2.2 Subcutaneous Dosing Instructions

Recommended Subcutaneous Dosage Regimen

The recommended dosage is 200 mg once weekly given as a subcutaneous injection in the abdomen or thigh. Subcutaneous dosing is not based on weight.

If transitioning from intravenous therapy with Benlysta to subcutaneous administration, administer the first subcutaneous dose 1 to 4 weeks after the last intravenous dose.

Administration Instructions for Subcutaneous Injection

1. It is recommended that the first subcutaneous injection of Benlysta should be under the supervision of a healthcare professional. The healthcare provider should provide proper training in subcutaneous technique and education about signs and symptoms of hypersensitivity reactions [see Warning and Precautions (5.3)]. A patient may self-inject or the patient caregiver may administer Benlysta subcutaneously after the healthcare provider determines it is appropriate. 2. Instruct the patient or patient caregiver to follow the directions for administration provided in the Instructions for Use. 3. Instruct the patient to remove the autoinjector or prefilled syringe from the refrigerator and allow it to sit at room temperature for 30 minutes prior to the subcutaneous injection. Do not warm Benlysta in any other way. 4. Prior to administration, instruct the patient or patient caregiver to visually inspect the window of the autoinjector or the prefilled syringe for particulate matter or discoloration. Benlysta should be clear to opalescent and colorless to pale yellow. Do not use Benlysta if the product exhibits discoloration or particulate matter. Instruct the patient not to use the Benlysta autoinjector or prefilled syringe if dropped on a hard surface. 5. When injecting in the same body region, advise the patient to use a different injection site each week; never give injections into areas where the skin is tender, bruised, red, or hard. 6. Instruct the patient to administer Benlysta 200 mg once a week, preferably on the same day each week. 7. If a dose is missed, instruct the patient to administer a dose as soon as the patient remembers. Thereafter, the patient can resume dosing on their usual day of administration or start a new weekly schedule from the day that the missed dose was administered. It is not recommended to administer 2 doses on the same day.

Nonclinical Toxicology

Carcinogenesis, Mutagenesis, Impairment of Fertility

Long-term animal studies have not been performed to evaluate the carcinogenic potential of belimumab.

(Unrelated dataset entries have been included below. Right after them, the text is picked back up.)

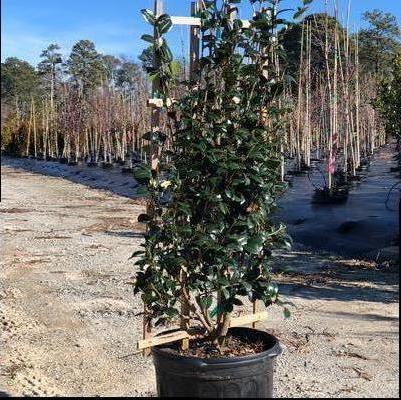 Camellia sasanqua Our Linda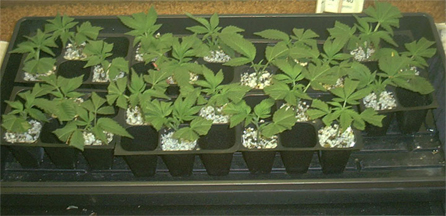 marijuana clones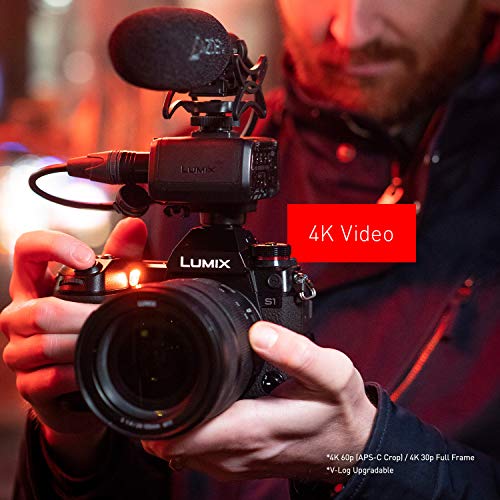 Panasonic LUMIX S1 Full Frame Mirrorless Camera with 24.2MP MOS High Resolution Sensor, 24105mm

Effects on male and female fertility have not been directly evaluated in animal studies.

Clinical Studies

Clinical Trials Experience with Intravenous Administration

The safety and effectiveness of Benlysta administered intravenously plus standard therapy were evaluated in 3 randomized, double‑blind, placebo‑controlled trials involving 2,133 patients with SLE according to the American College of Rheumatology criteria (Trials 1, 2, and 3). Patients with severe active lupus nephritis and severe active CNS lupus were excluded. Patients were on a stable standard therapy SLE treatment regimen comprising any of the following (alone or in combination): corticosteroids, antimalarials, NSAIDs, and immunosuppressives. Use of other biologics and intravenous cyclophosphamide were not permitted.

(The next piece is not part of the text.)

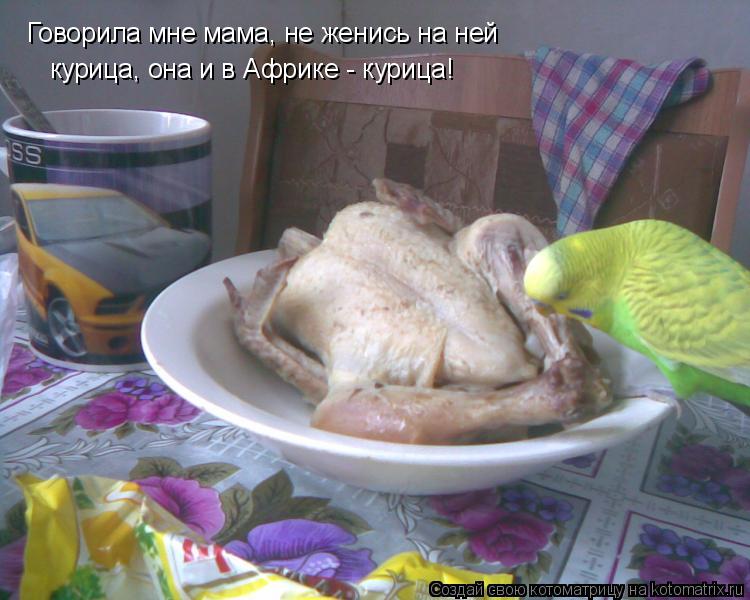 Котоматрица: Говорила мне мама, не женись на ней курица, она и в Африке - курица!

Trial 1: Benlysta 1 mg/kg, 4 mg/kg, 10 mg/kg

Trial 1 enrolled 449 patients and evaluated doses of 1, 4, and 10 mg/kg Benlysta plus standard therapy compared with placebo plus standard therapy over 52 weeks in patients with SLE. Patients had to have a Safety of Estrogens in Lupus Erythematosus National Assessment-Systemic Lupus Erythematosus Disease Activity Index (SELENA-SLEDAI) score of >4 at baseline and a history of autoantibodies (anti-nuclear antibody [ANA] and/or anti-double-stranded DNA [anti-dsDNA]), but 28% of the population was autoantibody negative at baseline. The co-primary endpoints were percent change in SELENA-SLEDAI score at Week 24 and time to first flare over 52 weeks. No significant differences between any of the groups receiving Benlysta and the group receiving placebo were observed. Exploratory analysis of this trial identified a subgroup of patients (72%) who were autoantibody positive in whom Benlysta appeared to offer benefit. The results of this trial informed the design of Trials 2 and 3 and led to the selection of a target population and indication that is limited to autoantibody-positive SLE patients.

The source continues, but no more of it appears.